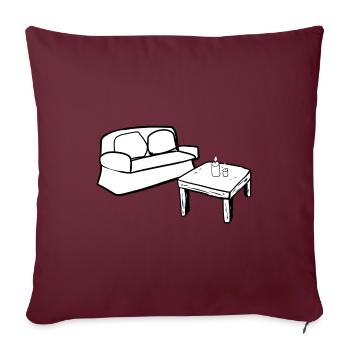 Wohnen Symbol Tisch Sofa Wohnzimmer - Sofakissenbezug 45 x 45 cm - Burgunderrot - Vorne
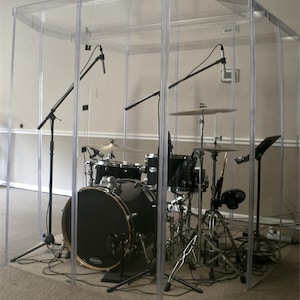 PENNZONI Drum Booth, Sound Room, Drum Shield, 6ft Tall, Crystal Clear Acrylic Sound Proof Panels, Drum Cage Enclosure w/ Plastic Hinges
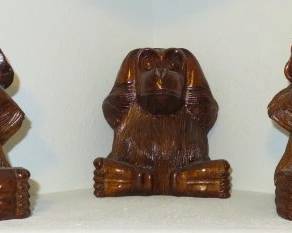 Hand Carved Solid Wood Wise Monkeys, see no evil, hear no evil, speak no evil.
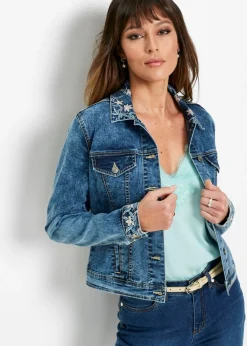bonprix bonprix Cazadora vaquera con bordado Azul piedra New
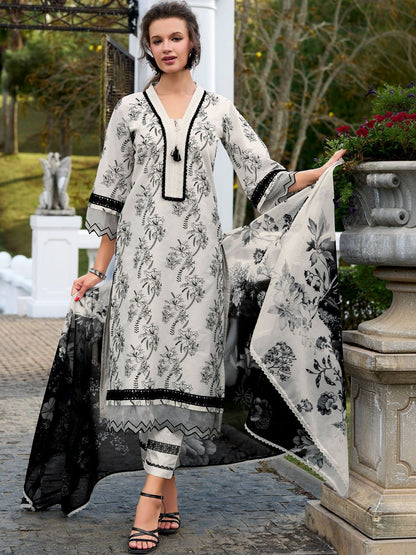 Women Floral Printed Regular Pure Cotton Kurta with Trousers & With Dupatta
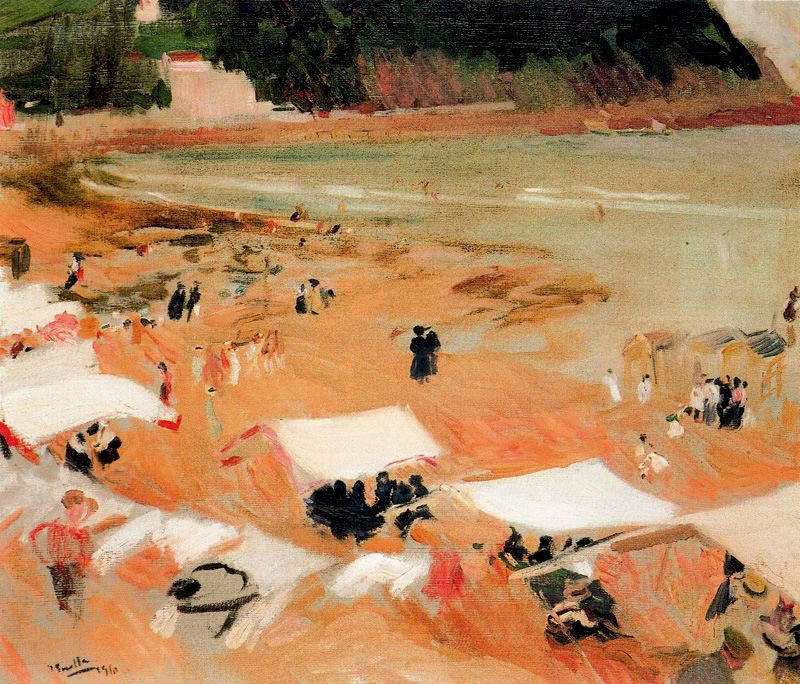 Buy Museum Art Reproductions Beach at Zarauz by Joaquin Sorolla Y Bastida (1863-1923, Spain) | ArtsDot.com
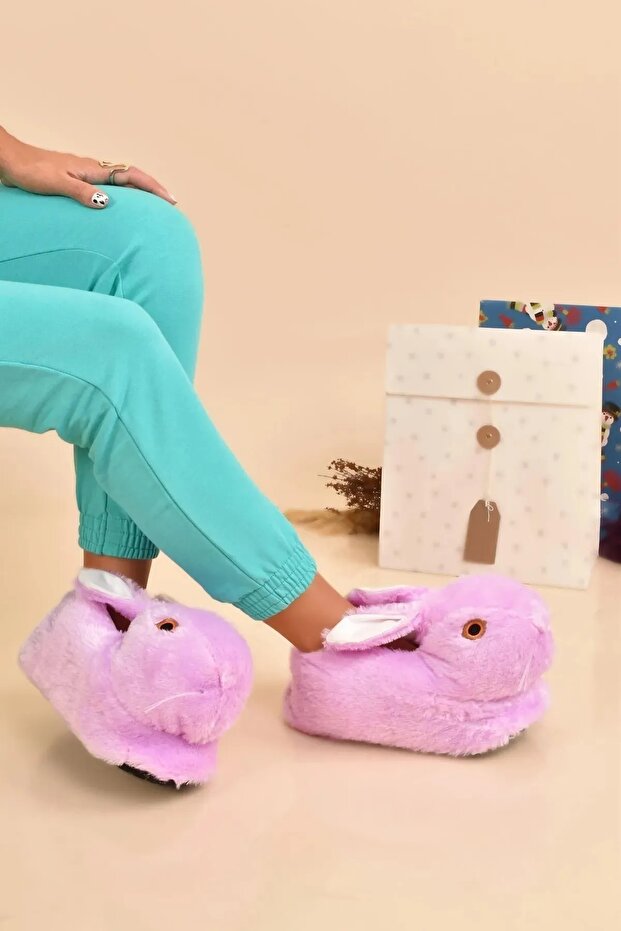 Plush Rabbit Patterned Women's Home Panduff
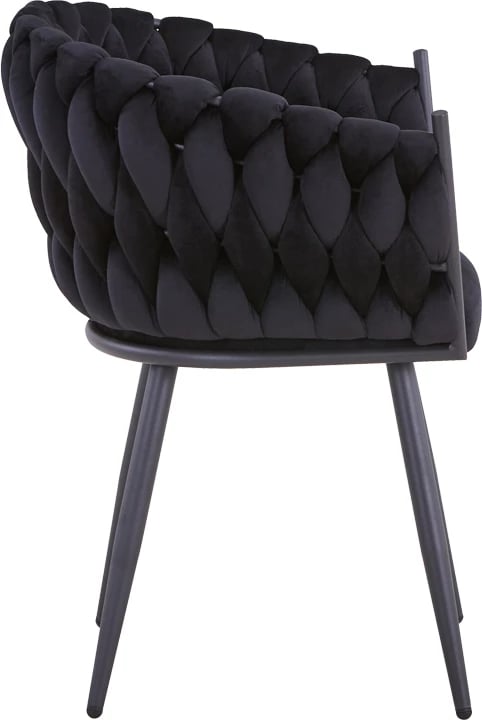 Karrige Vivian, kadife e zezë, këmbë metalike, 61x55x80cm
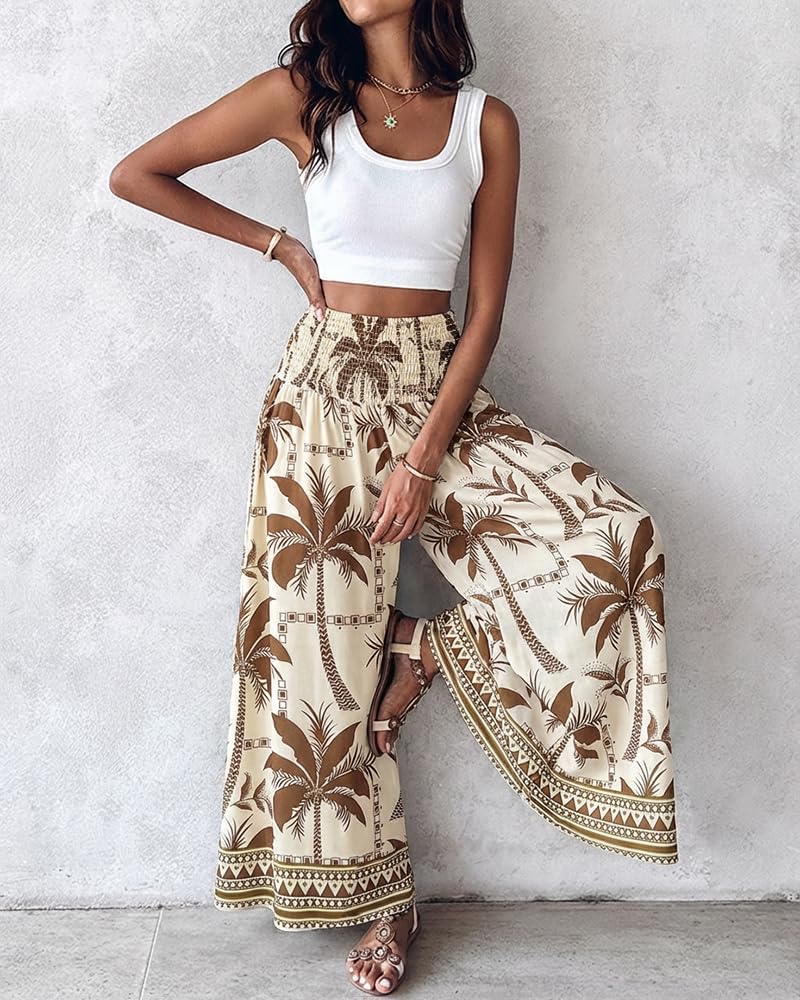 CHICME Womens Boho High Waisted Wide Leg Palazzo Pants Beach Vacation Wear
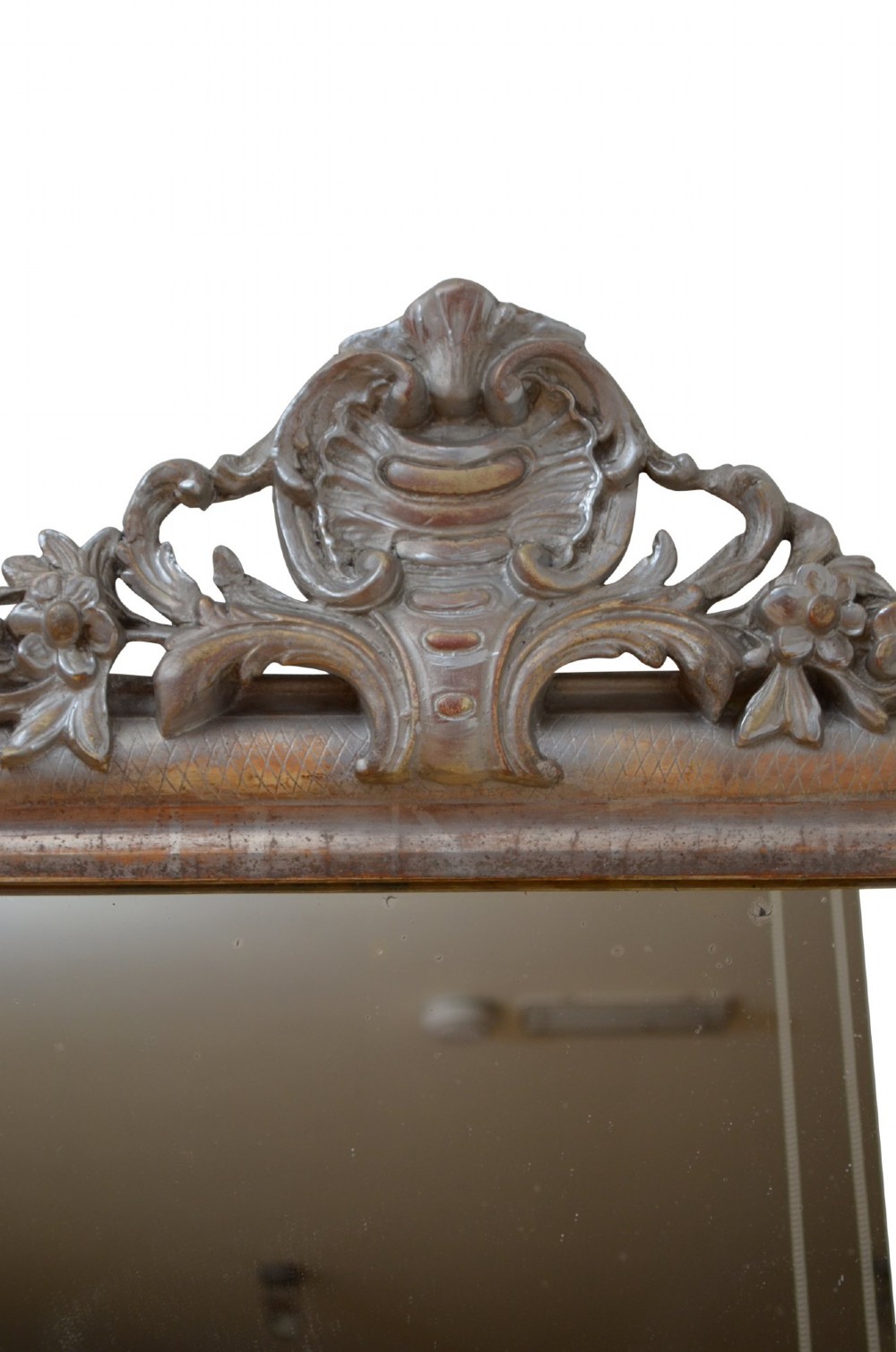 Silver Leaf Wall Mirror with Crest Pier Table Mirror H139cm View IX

######

## TASK OBJECTIVE
Write out an exact copy of the listing, first line through the line containing "Hand Carved Solid", with the pictures left out.

## SOLUTION FOR THIS TASK
 Wohnen Symbol Tisch Sofa Wohnzimmer - Sofakissenbezug 45 x 45 cm - Burgunderrot - Vorne
 PENNZONI Drum Booth, Sound Room, Drum Shield, 6ft Tall, Crystal Clear Acrylic Sound Proof Panels, Drum Cage Enclosure w/ Plastic Hinges
 Hand Carved Solid Wood Wise Monkeys, see no evil, hear no evil, speak no evil.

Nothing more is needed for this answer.